== Task goal ==
Leaving out all pictures, write out word for word the lines from the one containing "Igra Magic Slide" to the end of the data below.

━━━ Exercise data ━━━

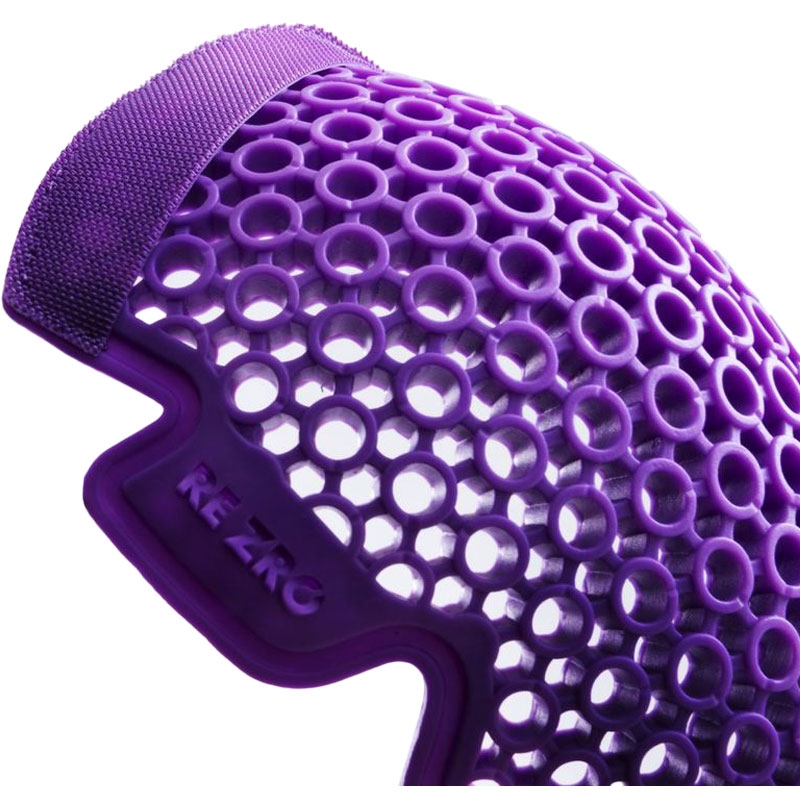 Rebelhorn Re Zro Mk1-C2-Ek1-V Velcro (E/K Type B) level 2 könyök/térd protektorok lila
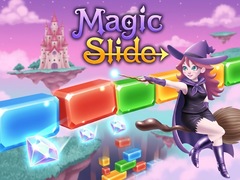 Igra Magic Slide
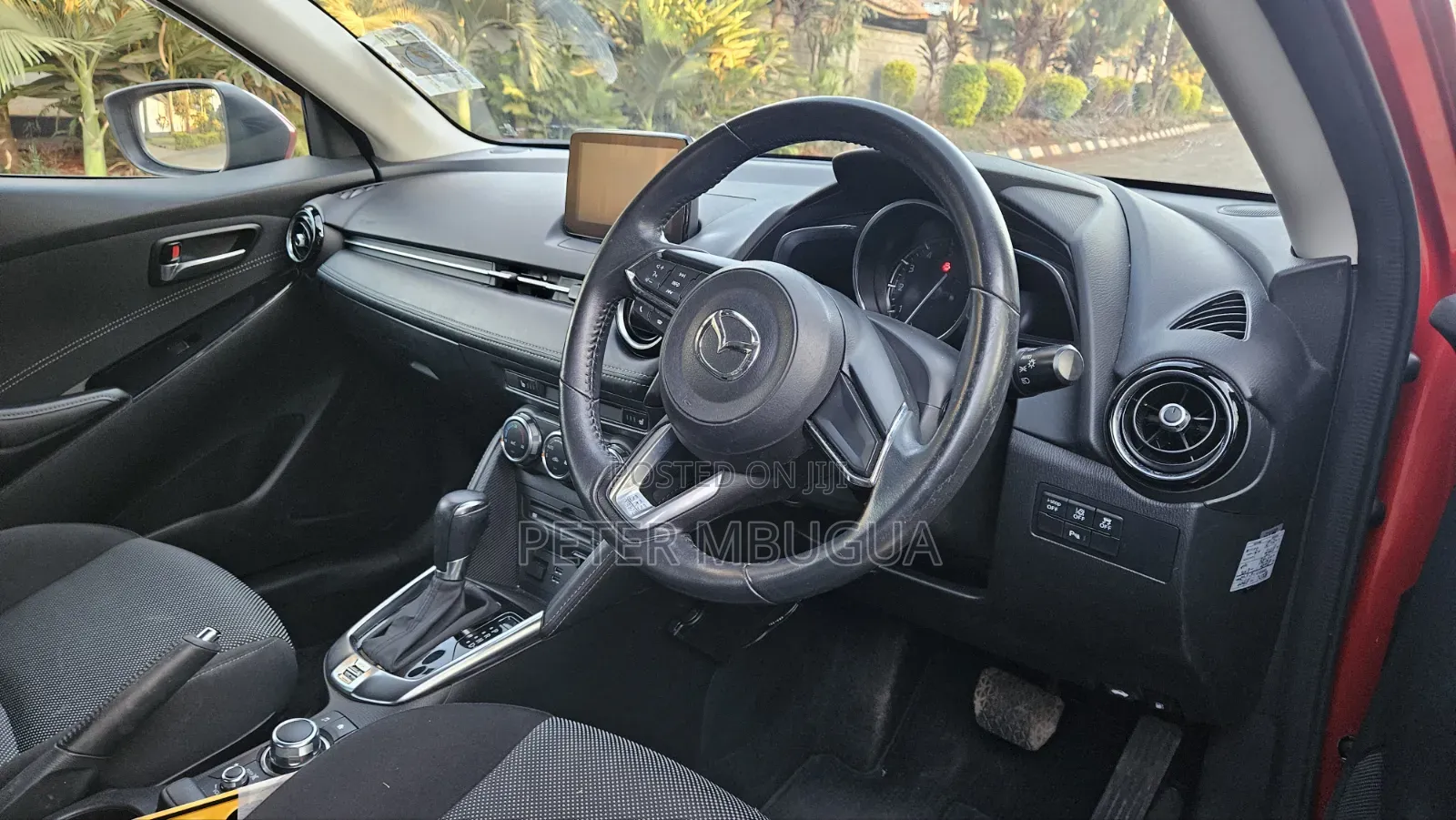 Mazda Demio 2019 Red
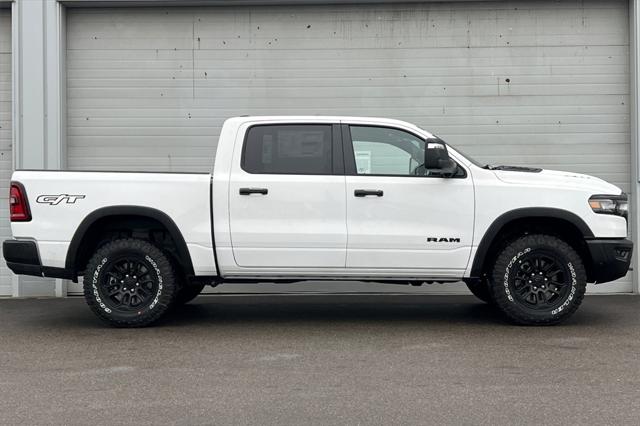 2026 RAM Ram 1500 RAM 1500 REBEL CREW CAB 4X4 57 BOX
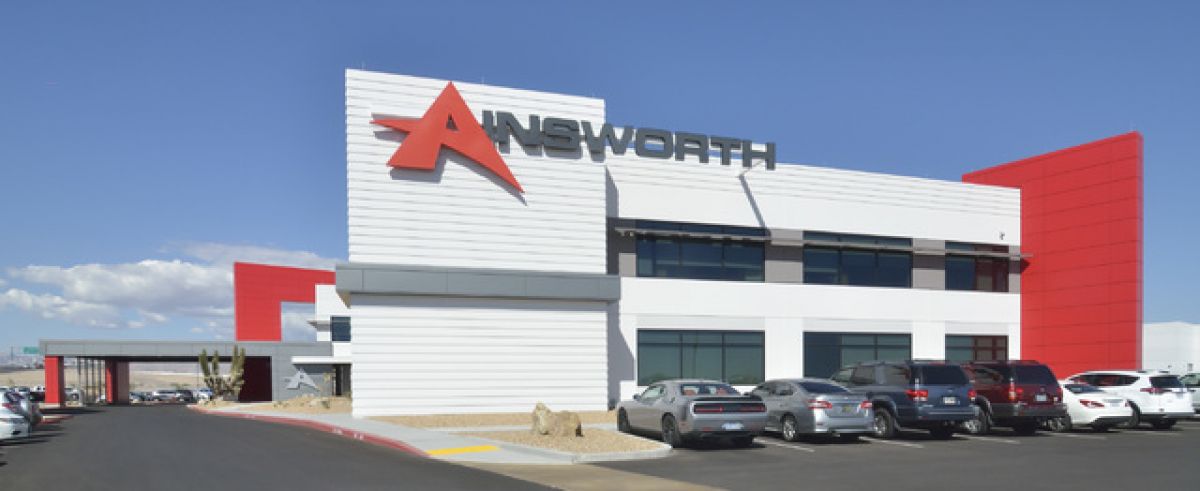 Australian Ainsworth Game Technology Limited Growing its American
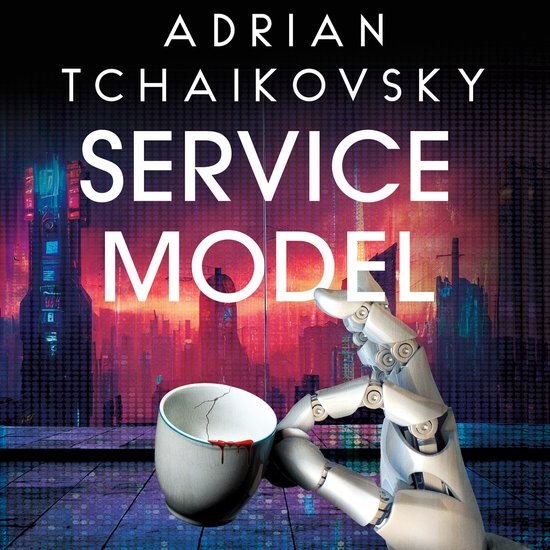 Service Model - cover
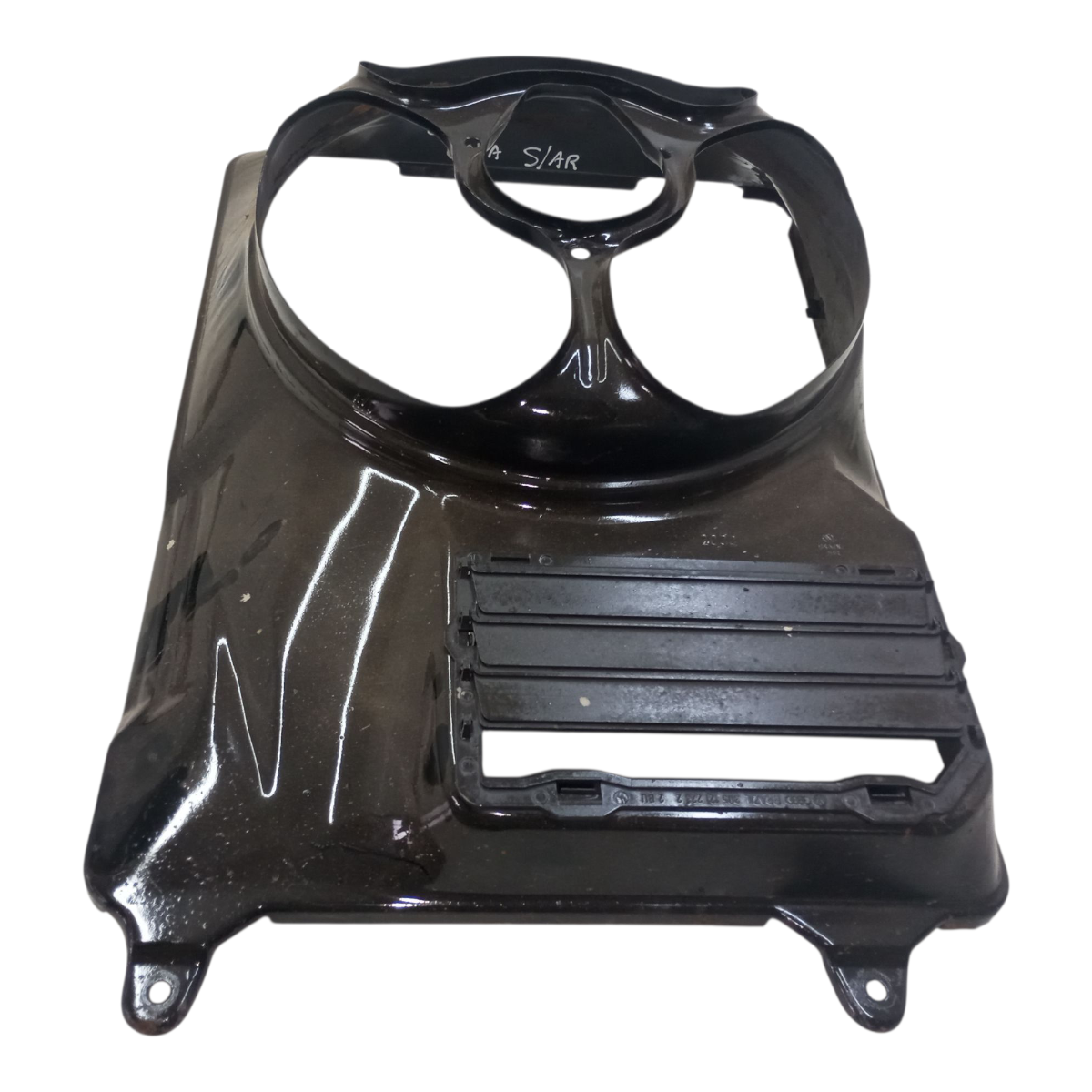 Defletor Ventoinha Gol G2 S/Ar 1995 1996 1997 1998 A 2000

━━━

== Response to this task ==
 Igra Magic Slide
 Mazda Demio 2019 Red
 2026 RAM Ram 1500 RAM 1500 REBEL CREW CAB 4X4 57 BOX
 Australian Ainsworth Game Technology Limited Growing its American
 Service Model - cover
 Defletor Ventoinha Gol G2 S/Ar 1995 1996 1997 1998 A 2000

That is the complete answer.